KC’s dad got a job as a dishwasher at a restaurant, possibly Little Miss Steaks since that and the mall are the only places anyone goes to eat anymore (The Dot is, like, a coffee shop now). The adults celebrate the good news with wine. KC is concerned that his mom is drinking after she promised him  never to do so ever again.

 

C Plot:

Fiona proclaims today Fiona Coyne Day. It’s not her birthday, she just wants Imogen to give her a foot massage followed by lady sex followed by lasagna dinner (each thing is followed by something precisely 1000x more awesome). Fiona wants to come over to Imogen’s house, but Imogen says she can’t, as her dad, Professor Moreno, is hard at work. It makes perfect sense that Imogen’s dad is a professor; only a father like that would have allowed Imogen to be the way she is. I’m surprised Imogen’s last name isn’t a hyphenated combination of both parents’ last names.

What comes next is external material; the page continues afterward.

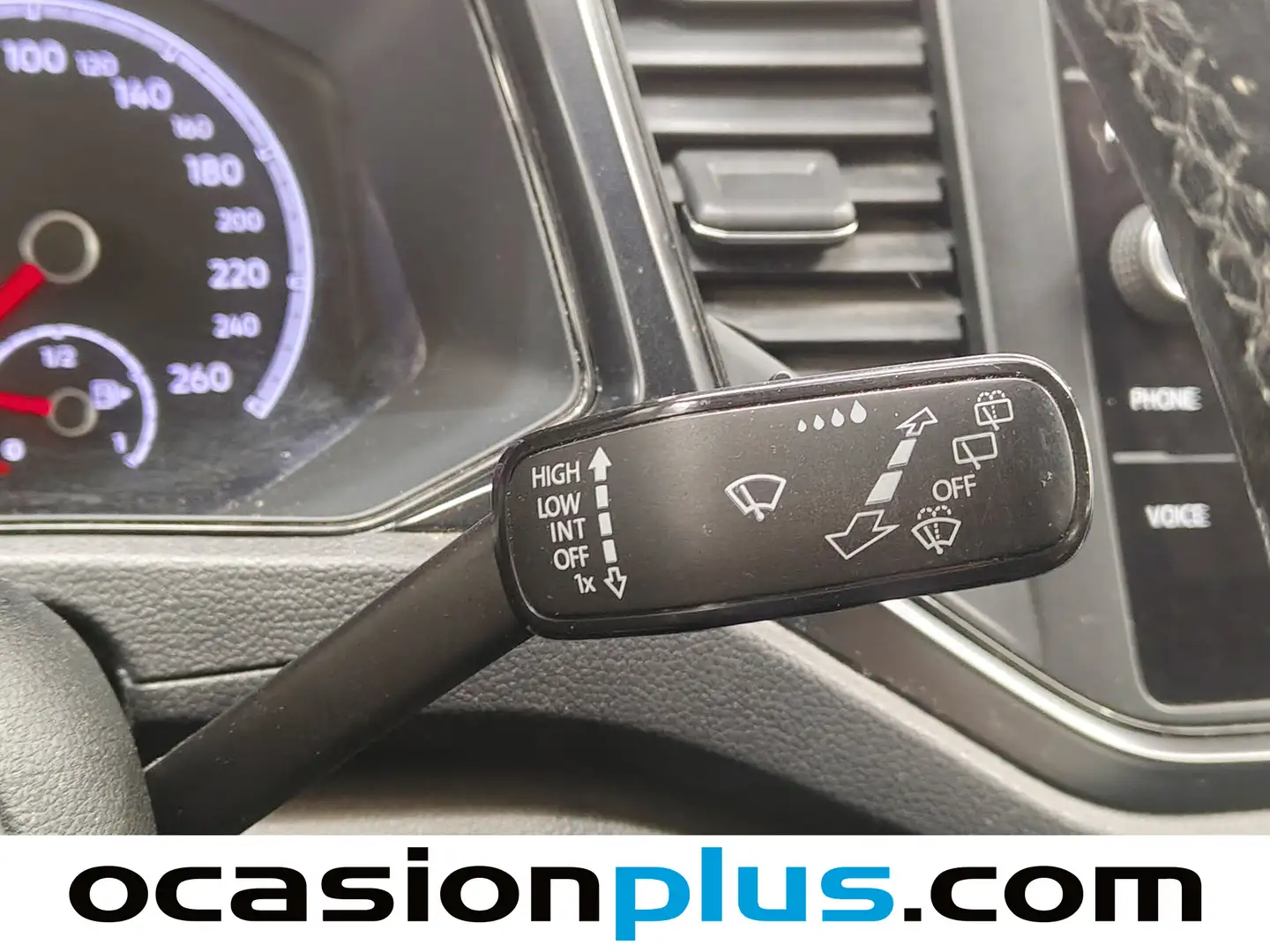 Foto Volkswagen T-Roc Volkswagen T-Roc Edition 1.6 TDI (115 CV)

So Fiona and Imogen have a night at the castle. Fiona looks for something on TV, which leads to playful flirting. Fiona complains that she only gets basic cable due to being cut off from her fortune. Imogen hopes there will be “something monkey related” on.

Fiona: You’re monkey related.

Imogen: You take that back.

Then they have a tickle fight and kiss. This is actually not as awesome as Darkness karaoke.

Drew enters and makes the “wah chika wah wah” sound, which is appropriate, as this moment could not get any closer to the setup for a porno. Fiona tells Drew that he is a lousy roommate because he is a messy boy. Fiona says this right after she spilled a big bowl of popcorn. She blames Drew for the spill. Drew says that Fiona is plenty messy herself and there a bunch of wine stains on the carpet that were there before he moved in. Fiona tells Drew that maybe they should not be roommates, but Drew is like, “Whatever” and doesn’t take her seriously because he knows she needs his help to pay for the castle upkeep.

The truth is Fiona is mad that Drew walked in on sexy lady times. They should make some space for Drew somewhere, then. Give him the east wing. I wonder why out of all the space in this palatial estate, everyone only ever spends time in the living room/kitchen area. Maybe the rest of the castle is haunted.

The next day, Fiona enters the castle to see that Drew has cleaned up. Actually, he only did half, which makes Drew awesome. Fiona will have to clean the other half. Fiona finds this outrageous. Fiona is a spoiled brat.